A single program can store temporary data in its memory, two or more programs on a single machine can store their shared data in shared memory, two or more programs on different machines can store their data in distributed shared memory, and one or more programs can store its data in a file system or DBMS.

As we saw in chapter ten, DCOM supports the storage of data in memory and shared memory via Windows NT. Windows NT provides a virtual memory system that enables up to 32 processes to read shared memory on that host as long as the manufacturer’s HAL drives are installed. MTS also provides shared memory support. Neither DCOM nor Windows NT supports distributed shared memory.

Memory provides a mechanism of storing temporary data—data that is needed only for the duration of the execution of the program. But practically all programs need to store data permanently so that it can be used again by different programs at different times. This permanent storage mechanism must preserve the state of the data even if the machine is switched off. All very obvious, but the proponents of object-oriented methods have coined a phrase for this—persistent data.

Over the years we have seen an extraordinary multiplicity of different types of persistent data mechanisms emerge. The start, of course, was the early file systems with products like ISAM and VSAM. But over the years we have seen all sorts of “models” for data storage emerge. I will first take a look at the types of persistent storage system there are now to understand something of the reasons why products such as ODBC and OLE DB exist.

A brief history of DBMSs

The first DBMSs started to appear in the late ’60s and early ’70s. Since then, the IT industry has seen a plethora of different “types” of DBMS, in other words, products conforming to some basic set of principles. The main types of DBMS are:

  two-level networks
  hierarchical
  network (Codasyl)
  relational
  object oriented
  extended relational

The very first types of DBMS were based on “two-level networks” and included DBMSs such as TOTAL or IMAGE. IBM then produced a DBMS based on what is now referred to as a “hierarchical” model and which we now know as IMS or DL1. Other more esoteric DBMSs used at this time were based on transposition and inverted lists, for example, ROBOT.
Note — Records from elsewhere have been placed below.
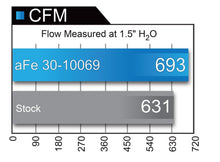 Load image into Gallery viewer, Comparison chart of aFe 30-10069 vs stock filter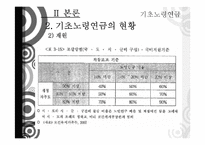 기초노령연금 정책 분석-13
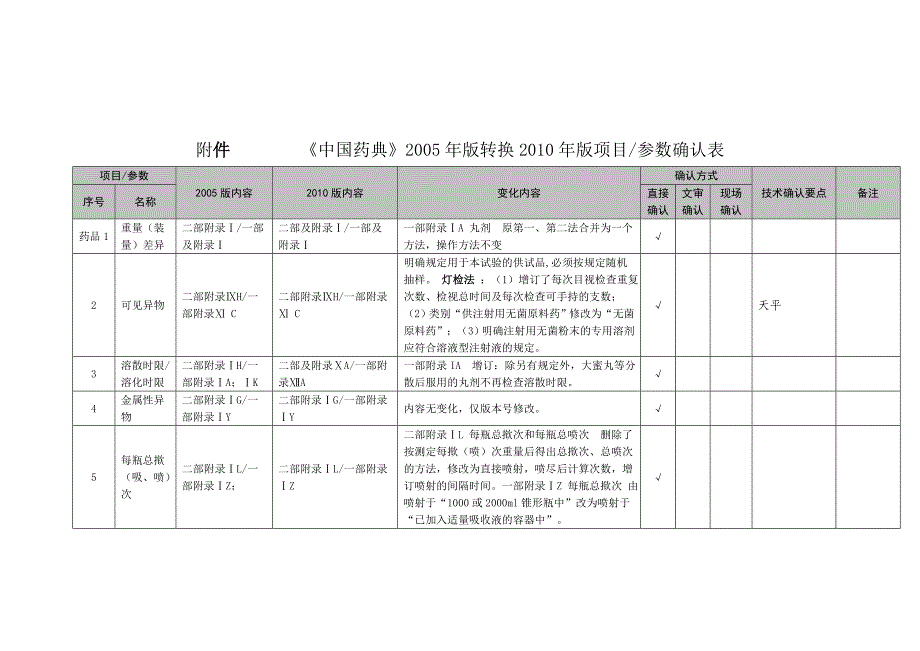 05版药典换版_第1页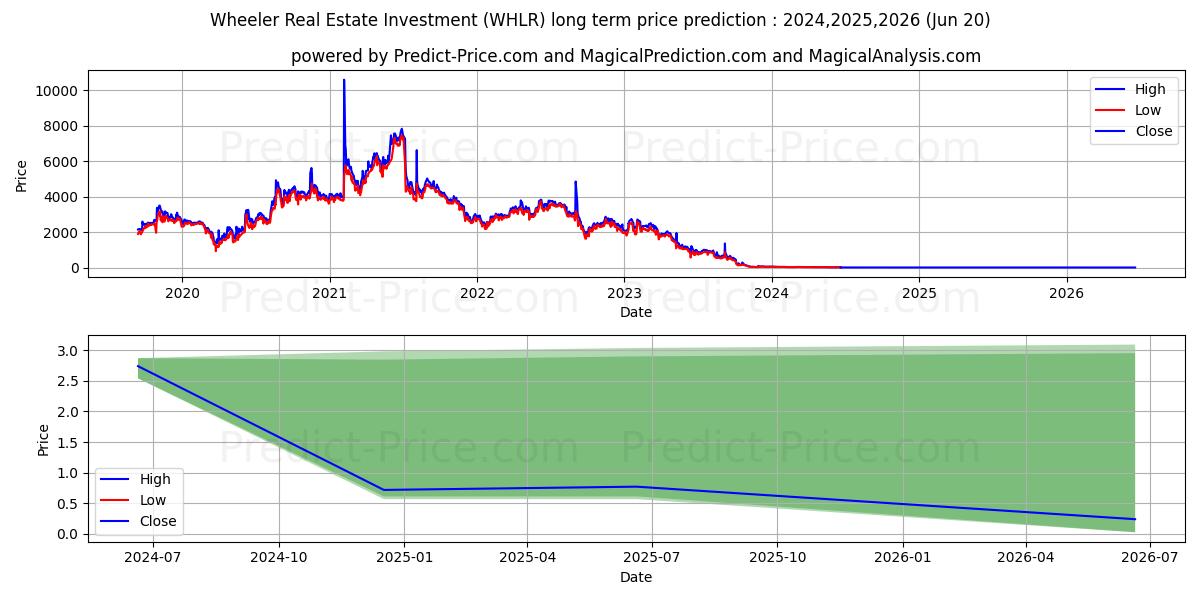 Wheeler Real Estate Investment  stock long term price prediction: 2024,2025,2026|WHLR: 0.2577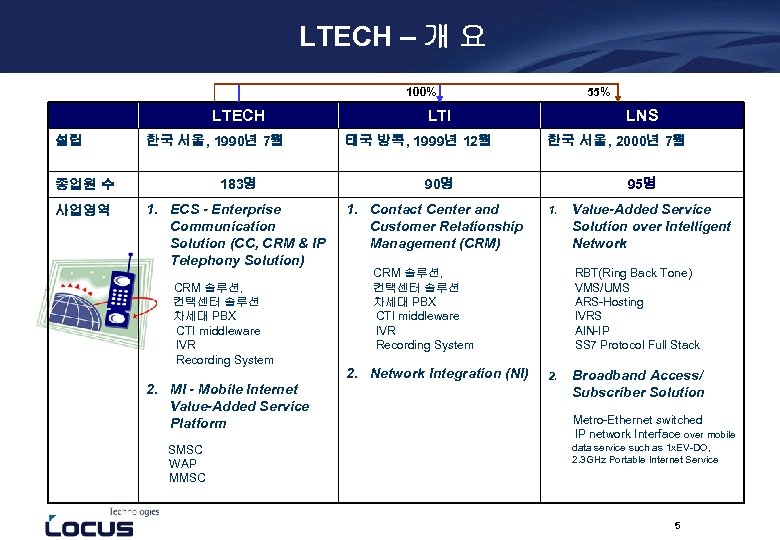 LTECH – 개 요 100% LTECH 설립 한국 서울, 1990년 7월 종업원 수 183명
Even in the late 1960s, DBMS vendors and end users started to realize the benefits of standardization, and the first standards work to be undertaken was initiated by the Codasyl (Conference on Data System Languages) committees, a group established in 1959 and responsible for the language COBOL. Two subcommittees—the Database Task Group and the Data Description Language Committee—produced a specification for the DML (Data Manipulation Languages) and DDL (Data Definition Languages) for what were to be called “network databases.”

Products conforming to this specification include IDMS/X and CA-IDMS, IDS, VAX DBMS (from Digital), DMS 1100, MDBS, and so on. These DBMSs proved to be high performance, reliable, and excellent transaction processing machines, and large numbers of firms bought and developed strategic systems using them.
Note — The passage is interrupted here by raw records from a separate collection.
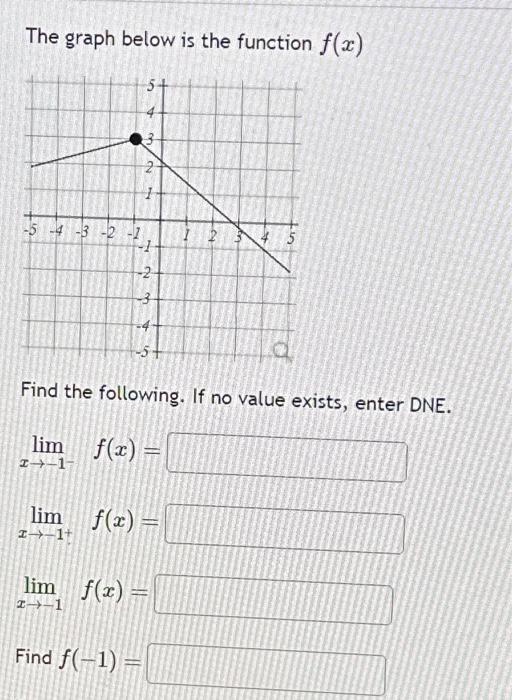 Solved The graph below is the function f(x) Find the | Chegg.com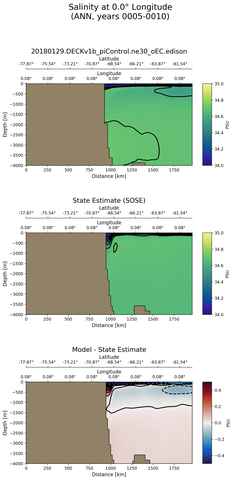 ANN Salinity at 0.0$\degree$ Longitude ANN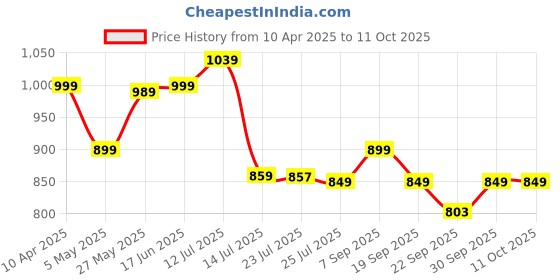 myntra.com BIZZARO Men Brogues Casual Shoes bizzaro Price History Graph from 10 Apr 2025 to 10 Oct 2025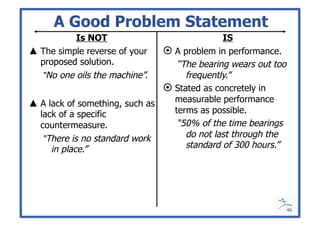 Managing to Learn Mentoring A3 Thinking | PDF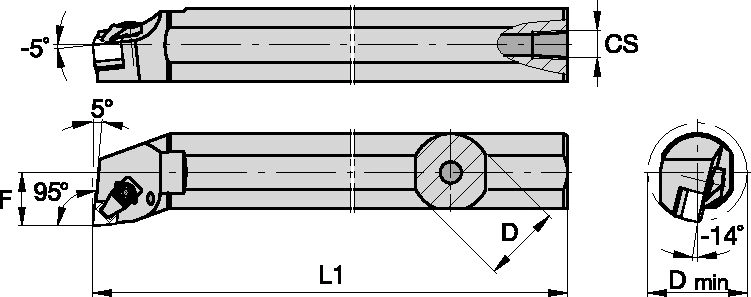 Kendex Negative Inserts Kennametal A-CCLN-MX -5° [1540552]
IBM rejected the Codasyl proposals (primarily from a marketing standpoint, as it had no DBMS conforming to the standard) and started to promote the relational model proposed by Ted Codd via a number of papers produced in the early 1970s.

IBM, along with many new startups, realized they could leapfrog to the new relational paradigm by using the work of the exploratory System R* research project and consequently bypass the competition. The combination of IBM, Ted Codd, and the publicity that surrounded him and the emergence of companies like Oracle with equally good marketing muscle tolled the death knell for the Codasyl proposals, and, by the early to mid-1980s, Codasyl DBMSs ceased to be developed.
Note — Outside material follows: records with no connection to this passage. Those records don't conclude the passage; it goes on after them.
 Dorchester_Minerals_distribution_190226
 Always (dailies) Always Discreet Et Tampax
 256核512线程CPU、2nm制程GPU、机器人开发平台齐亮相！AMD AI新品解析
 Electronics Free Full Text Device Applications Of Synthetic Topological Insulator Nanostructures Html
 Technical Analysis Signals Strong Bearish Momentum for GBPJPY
Oracle was released in 1979 and represented the first commercialised version of SQL. In 1981, IBM produced SQL/DS, a commercial version of System R* for VM/370. This was followed in 1983 by SQL/DS, rewritten for MVS and known as DB2. The release of DB2 created considerable publicity for IBM and the relational approach in general.

A flood of products has since appeared conforming to the relational model. They included Ingres, Sybase, Informix, Rdb, Interbase, SQLBase, Rbase, CA-DB, Non Stop SQL, and so on. End users have bought and developed large numbers of systems using them.